草野翔吾 監督が語る 素敵な役者さんたちが集まってそのまま自然体で演じてくれた『アイミタガイ』
人との縁、過去からのつながりが創り上げた『アイミタガイ』
池ノ辺 撮影は順調だったんですか。 草野 特別に大きな問題はなかったと思います。 池ノ辺 撮影は地方ロケが多かったんですね。皆さんで一緒にご飯を食べたりとか? 草野 僕はそこまでの余裕はなかったんですが、黒木さんはいろいろ美味しいものを食べたと言っていましたし、衣装・メイク部のスタッフたちは、街の居酒屋さんとものすごく仲良くなっていて、撮影が終わって帰る時など「またきてね~」って見送られていました。他のスタッフやキャストの皆さんも、みんなで一緒にというよりそれぞれで楽しんでいたんじゃないかと思います。 池ノ辺 じゃあスタッフの方たちも、今回の撮影はとてもいい雰囲気だったんでしょうね。 草野 だったと僕は思っています。今回は、今まで一度一緒にやったことがある方で、もう一度一緒に仕事をしたいと思っていた方に声をかけたんです。初めてではない。自分で声をかけたスタッフだけでやるというのは、目標にしていたことで、今回初めてそれが実現しました。雰囲気がよかったのはそんなこともあると思います。 池ノ辺 この映画は「アイミタガイ」がテーマですが、監督ご自身が「アイミタガイ」を感じた経験ってありますか。 草野 いや、その質問は絶対にされますよね(笑)。 池ノ辺 今までに何回も同じことを聞かれました? 草野 いえ、違うんですよ。絶対、今の質問っていちばんいい質問じゃないですか。でも初めて聞かれたんです。「そうだよな、なんで考えてこなかったんだろう」と、今その質問がずっとぐるぐる頭の中を回っているんですけど、何も出てこないんです。
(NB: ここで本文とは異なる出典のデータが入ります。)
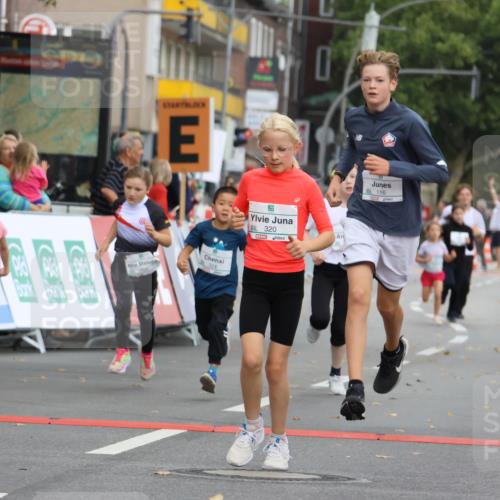 21.09.2025 - PSD Bank Halbmarathon Strokosch-Dieckow http://msf.ph/oto/8942449 21.09.2025 10:30:36 Ziel 108, 116, 129, 151, 246, 263, 320, 324, 344, 351, 370, 375, 402, 405, 431, 456, 457 meine-sportfotos.de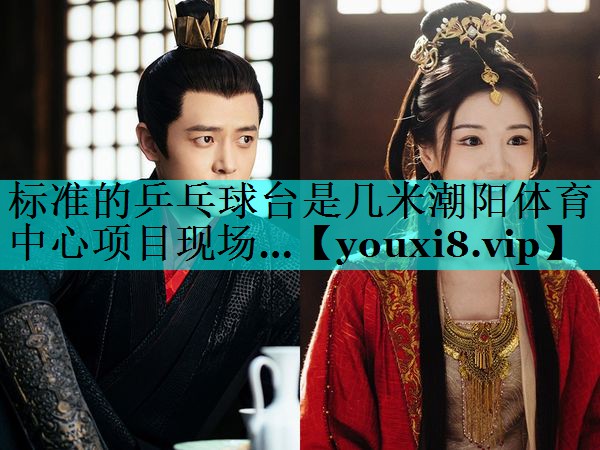 标准的乒乓球台是几米潮阳体育中心项目现场…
確かに、この映画を撮っている時、キャスティングにしろスタッフのことにしろ、何かすごく不思議な縁が動いているような気はしたんです。ただ、「アイミタガイ」という言葉は、この映画の中では、「誰かを想ってしたことは、気がついてないだけで巡り巡って見知らぬ誰かをも救い、やがて自分のもとに返ってくる」と説明されています。だからすぐには気づかないようなことなんじゃないかと。逃げみたいな答えですが、今、ちょっと思ったりしています。 池ノ辺 長い人生の中で、時間が経った時に、「あれはこういうことだったのか」とわかるんでしょうか。 草野 それはあるような気がしますね。そしてこの映画が、そんなことに気づくきっかけになればいいなと思っています。もっとも、映画を作ってお客さんに観てもらうということ自体、何かが動くきっかけになると思うし、それを言えば、僕が今、この映画を撮らせてもらったのも、過去に撮った作品があって、そこからつながっている。そんな巡り合わせとかつながりは日々ものすごく感じているんですが、この質問に対するバチっとした答えが本当に出てこないんです。あまりに核心をついた質問で(笑)。 池ノ辺 初めてじゃないスタッフの方々と、というのもきっとそういうつながりですよね。でも、そんな大変な質問のつもりはなくて、何か監督の個人的なエピソードを聞きたいと思ったんです(笑)。 草野 そういう意味で言えば、今回の映画は、もちろん梓という主人公らしき存在があるんですが、かなり群像劇に近いテイストのものだと思うんです。僕は学生映画出身で、その頃から群像劇を多く撮っていました。学生時代の最後に撮った映画も群像劇スタイルで。大杉漣さんが出てくださったんですが、それを自主上映した時に、田口トモロヲさんが観に来てくださったんです。すごく嬉しくて、それ以来ずっとご一緒したいと思っていたんですが、なかなか実現しなかった。今回それがようやく実現して、それも群像劇で、というのは、なにか巡り巡った縁を感じてはいます。 池ノ辺 その話は、トモロヲさんにはされたんですか。 草野 お話しました。覚えていてくださったので、嬉しかったです。「俺は俺だけで、1人で生きていくんだ」と信じて生きている人は違うかもしれませんが、どんな時代であれ人が生きていくというのは、誰かとどこかで関わり合いながら生きていくわけですよね。そんな中で「アイミタガイ」みたいなことは必ずあって、でもそこにはなかなか気づけない。そこに言葉を与えて名付けて、生きる上での心構え、解像度が高くなるようなおまじないの言葉、僕は「アイミタガイ」に、今はそんな印象を受けてます。 池ノ辺 最後になりましたが、監督にとって映画とは何ですか。 草野 自分にとっての映画は、どこかまだ遊びの延長です。子どもの頃からいろんな遊びをしてきましたが、唯一飽きていない遊び。いまだに、初めて学生映画を撮ったその1本目の時と同じくらいか、むしろそれ以上に楽しく夢中になれることだと思っています。 池ノ辺 そんな楽しくて大好きなことを、いろんな人に観てもらえるというのは素晴らしいですよね。 草野 本当はもっと観てもらうということを意識しなければいけなくて、遊びとか言ってる場合ではないのかもしれないですが、やっぱり、まずは自分の心が動かないといけないとも思います。そこは変にプロぶらないで、純粋に映画に関わるということを楽しみながら、でも真剣に考えながらやっていけたらいいなと思っています。 池ノ辺 これからも応援しています。